Task details
Keep only the lines of the data below that contain "Hotel", and copy them.

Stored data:
____
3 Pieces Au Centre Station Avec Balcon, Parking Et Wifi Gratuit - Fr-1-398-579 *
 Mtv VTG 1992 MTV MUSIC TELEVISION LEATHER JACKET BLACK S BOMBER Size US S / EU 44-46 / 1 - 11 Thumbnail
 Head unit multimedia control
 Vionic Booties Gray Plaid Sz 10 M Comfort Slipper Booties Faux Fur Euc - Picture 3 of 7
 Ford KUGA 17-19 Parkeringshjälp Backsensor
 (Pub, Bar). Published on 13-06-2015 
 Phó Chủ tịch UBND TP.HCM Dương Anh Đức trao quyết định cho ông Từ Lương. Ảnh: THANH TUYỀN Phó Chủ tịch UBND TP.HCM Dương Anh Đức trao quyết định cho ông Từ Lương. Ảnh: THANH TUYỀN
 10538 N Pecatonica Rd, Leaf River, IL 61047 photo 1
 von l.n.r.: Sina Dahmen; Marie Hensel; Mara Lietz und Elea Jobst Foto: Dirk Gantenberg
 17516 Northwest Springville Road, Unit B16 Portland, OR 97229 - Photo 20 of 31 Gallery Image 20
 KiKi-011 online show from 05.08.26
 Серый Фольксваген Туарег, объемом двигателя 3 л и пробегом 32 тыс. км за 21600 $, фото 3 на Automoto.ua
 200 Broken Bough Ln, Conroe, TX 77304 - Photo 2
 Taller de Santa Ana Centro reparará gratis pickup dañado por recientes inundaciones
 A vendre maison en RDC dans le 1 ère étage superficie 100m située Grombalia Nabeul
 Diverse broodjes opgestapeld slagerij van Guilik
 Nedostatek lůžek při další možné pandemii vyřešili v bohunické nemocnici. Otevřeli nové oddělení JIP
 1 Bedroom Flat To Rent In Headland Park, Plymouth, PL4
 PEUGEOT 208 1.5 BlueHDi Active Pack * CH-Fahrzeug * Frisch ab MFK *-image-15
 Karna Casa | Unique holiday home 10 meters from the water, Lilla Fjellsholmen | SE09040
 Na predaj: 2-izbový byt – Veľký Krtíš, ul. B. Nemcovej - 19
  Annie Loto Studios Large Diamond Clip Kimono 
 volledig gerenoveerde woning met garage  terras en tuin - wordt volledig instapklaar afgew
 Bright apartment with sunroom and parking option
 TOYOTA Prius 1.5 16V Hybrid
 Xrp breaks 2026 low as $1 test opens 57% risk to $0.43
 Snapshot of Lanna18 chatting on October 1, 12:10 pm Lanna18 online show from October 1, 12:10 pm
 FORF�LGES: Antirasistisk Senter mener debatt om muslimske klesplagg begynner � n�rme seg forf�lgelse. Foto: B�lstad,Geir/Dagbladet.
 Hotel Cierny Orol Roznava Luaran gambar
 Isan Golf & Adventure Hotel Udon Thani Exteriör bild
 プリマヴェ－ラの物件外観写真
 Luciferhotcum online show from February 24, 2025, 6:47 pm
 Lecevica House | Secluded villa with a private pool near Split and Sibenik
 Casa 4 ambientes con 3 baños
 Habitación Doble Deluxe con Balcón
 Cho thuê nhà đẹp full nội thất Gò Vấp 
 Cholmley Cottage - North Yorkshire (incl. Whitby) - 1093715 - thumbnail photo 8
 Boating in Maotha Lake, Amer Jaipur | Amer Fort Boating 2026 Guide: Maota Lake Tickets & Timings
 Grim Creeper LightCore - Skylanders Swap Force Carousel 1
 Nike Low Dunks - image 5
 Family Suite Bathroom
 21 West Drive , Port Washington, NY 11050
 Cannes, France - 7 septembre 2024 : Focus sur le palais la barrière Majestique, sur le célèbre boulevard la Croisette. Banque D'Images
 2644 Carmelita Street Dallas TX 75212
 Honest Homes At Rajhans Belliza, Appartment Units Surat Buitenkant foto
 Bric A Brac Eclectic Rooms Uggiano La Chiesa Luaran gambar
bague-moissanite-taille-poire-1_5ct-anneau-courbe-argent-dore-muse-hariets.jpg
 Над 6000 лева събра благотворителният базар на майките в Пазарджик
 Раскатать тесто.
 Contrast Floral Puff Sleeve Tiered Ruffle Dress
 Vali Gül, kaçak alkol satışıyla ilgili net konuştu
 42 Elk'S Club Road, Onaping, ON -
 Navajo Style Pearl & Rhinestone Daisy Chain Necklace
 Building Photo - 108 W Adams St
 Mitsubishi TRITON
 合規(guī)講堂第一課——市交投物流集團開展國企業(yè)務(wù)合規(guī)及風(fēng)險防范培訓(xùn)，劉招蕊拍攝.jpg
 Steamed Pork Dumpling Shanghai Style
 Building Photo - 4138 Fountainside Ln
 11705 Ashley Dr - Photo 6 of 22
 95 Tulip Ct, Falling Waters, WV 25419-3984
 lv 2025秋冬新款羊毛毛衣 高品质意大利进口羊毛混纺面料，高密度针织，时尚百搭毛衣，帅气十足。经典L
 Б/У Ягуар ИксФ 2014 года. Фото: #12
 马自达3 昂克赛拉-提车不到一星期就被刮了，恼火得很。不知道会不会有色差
____
Answer space
 Hotel Cierny Orol Roznava Luaran gambar
 Isan Golf & Adventure Hotel Udon Thani Exteriör bild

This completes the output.